Applied Sciences, Vol. 13, Pages 5163: Web Interface of NER and RE with BERT for Biomedical Text Mining
Applied Sciences doi: 10.3390/app13085163
Authors: Yeon-Ji Park Min-a Lee Geun-Je Yang Soo Jun Park Chae-Bong Sohn
The BioBERT Named Entity Recognition (NER) model is a high-performance model designed to identify both known and unknown entities. It surpasses previous NER models utilized by text-mining tools, such as tmTool and ezTag, in effectively discovering novel entities. In previous studies, the Biomedical Entity Recognition and Multi-Type Normalization Tool (BERN) employed this model to identify words that represent specific names, discern the type of the word, and implement it on a web page to offer NER service.

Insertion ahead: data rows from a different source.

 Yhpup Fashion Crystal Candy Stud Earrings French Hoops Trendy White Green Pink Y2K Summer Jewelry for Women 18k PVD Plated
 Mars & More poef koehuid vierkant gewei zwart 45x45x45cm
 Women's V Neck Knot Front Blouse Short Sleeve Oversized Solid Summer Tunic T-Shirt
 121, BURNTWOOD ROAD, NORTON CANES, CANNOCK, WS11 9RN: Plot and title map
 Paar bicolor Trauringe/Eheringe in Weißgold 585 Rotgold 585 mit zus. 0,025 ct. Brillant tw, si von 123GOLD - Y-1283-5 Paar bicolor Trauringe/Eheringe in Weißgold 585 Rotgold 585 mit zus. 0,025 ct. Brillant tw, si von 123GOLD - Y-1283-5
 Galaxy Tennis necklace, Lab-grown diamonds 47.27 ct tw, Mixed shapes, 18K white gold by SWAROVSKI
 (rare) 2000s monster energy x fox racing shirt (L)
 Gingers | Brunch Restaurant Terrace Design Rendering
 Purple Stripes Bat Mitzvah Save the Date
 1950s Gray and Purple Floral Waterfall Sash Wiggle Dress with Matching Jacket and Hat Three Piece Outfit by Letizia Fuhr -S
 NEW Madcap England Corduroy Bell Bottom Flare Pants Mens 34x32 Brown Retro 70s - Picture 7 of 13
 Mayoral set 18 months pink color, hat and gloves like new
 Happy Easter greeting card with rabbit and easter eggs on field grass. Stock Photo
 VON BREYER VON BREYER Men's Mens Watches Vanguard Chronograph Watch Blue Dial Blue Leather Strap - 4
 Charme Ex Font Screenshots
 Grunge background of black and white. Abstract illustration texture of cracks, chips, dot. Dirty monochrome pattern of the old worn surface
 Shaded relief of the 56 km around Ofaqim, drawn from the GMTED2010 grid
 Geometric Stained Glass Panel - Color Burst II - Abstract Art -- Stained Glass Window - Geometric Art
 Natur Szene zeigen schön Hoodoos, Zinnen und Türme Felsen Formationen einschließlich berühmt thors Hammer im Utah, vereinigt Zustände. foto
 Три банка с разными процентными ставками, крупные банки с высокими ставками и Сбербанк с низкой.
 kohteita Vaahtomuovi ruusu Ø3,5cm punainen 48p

However, we aimed to offer a web service that includes Relation Extraction (RE), a task determining the relation between entity pairs within a sentence. First, just like BERN, we fine-tuned the BioBERT NER model within the biomedical domain to recognize new entities. We identified two categories: diseases and genes/proteins. Additionally, we fine-tuned the BioBERT RE model to determine the presence or absence of a relation between the identified gene–disease entity pairs. The NER and RE results are displayed on a web page using the Django web framework. NER results are presented in distinct colors, and RE results are visualized as graphs in NetworkX and Cytoscape, allowing users to interact with the graphs.